Erdős Problem 694

Reference: erdosproblems.com/694

theorem Erdos694.erdos_694 (fmax fmin : ℕ → ℕ) : (∀ (n : ℕ), IsGreatest (Nat.totient ⁻¹' {n}) (fmax n)) → (∀ (n : ℕ), IsLeast (Nat.totient ⁻¹' {n}) (fmin n)) → ∃ (o : ℕ → ℝ), Filter.Tendsto o Filter.atTop (nhds 0) ∧ ∀ (x : ℕ), sSup {x_1 : ℝ | ∃ (n : ℕ) (_ : n ≤ x) (_ : ∃ (m : ℕ), m.totient = n), ↑(fmax n) / ↑(fmin n) = x_1} = (Real.exp Real.eulerMascheroniConstant + o x) * Real.log (Real.log ↑x)

Let $f_\max(n)$ be the largest $m$ such that $\phi(m) = n$, and $f_\min(n)$ be the smallest such $m$, where $\phi$ is Euler's totient function.

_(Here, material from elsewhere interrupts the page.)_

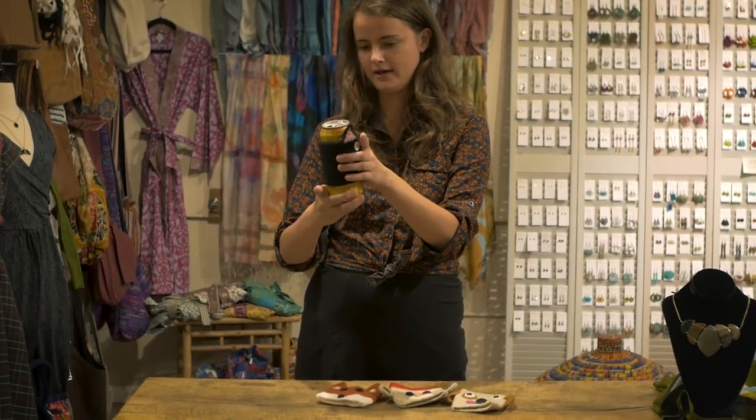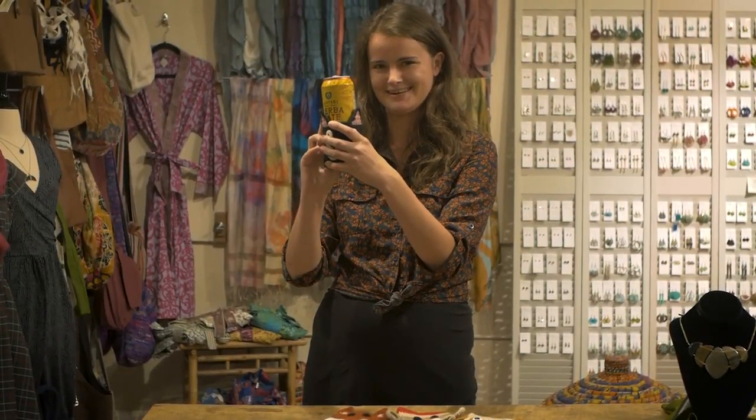Personally works really well around a can of Fairtrade Yerba Mate.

Investigate $$ \max_{n\leq x}\frac{f_\max(n)}{f_\min(n)}. $$

GPT-5.5 Pro (prompted by Price) has proved (see also the comments for a summary) that $$ \max_{n\leq x}\frac{f_{\max}(n)}{f_{\min}(n)}=(e^\gamma+o(1))\log\log x. $$

A Lean formalisation of the reduction exists, conditional on Mertens' product theorem and Linnik's theorem; see the formal proof.

theorem Erdos694.erdos_694.variants.carmichael : True ↔ ∃ n > 0, ∃! m : ℕ, m.totient = n

Carmichael has asked whether there is an integer $n$ for which $\phi(m) = n$ has exactly one solution, that is $\frac{f_\max(n)}{f_\min(n)} = 1$.

theorem Erdos694.erdos_694.variants.inf_unique (h : ∃ n > 0, ∃! m : ℕ, m.totient = n) : {n : ℕ | ∃! m : ℕ, m.totient = n}.Infinite

Erdős has proved that if there exists an integer $n$ for which $\phi(m) = n$ has exactly one solution, then there must be infinitely many such $n$.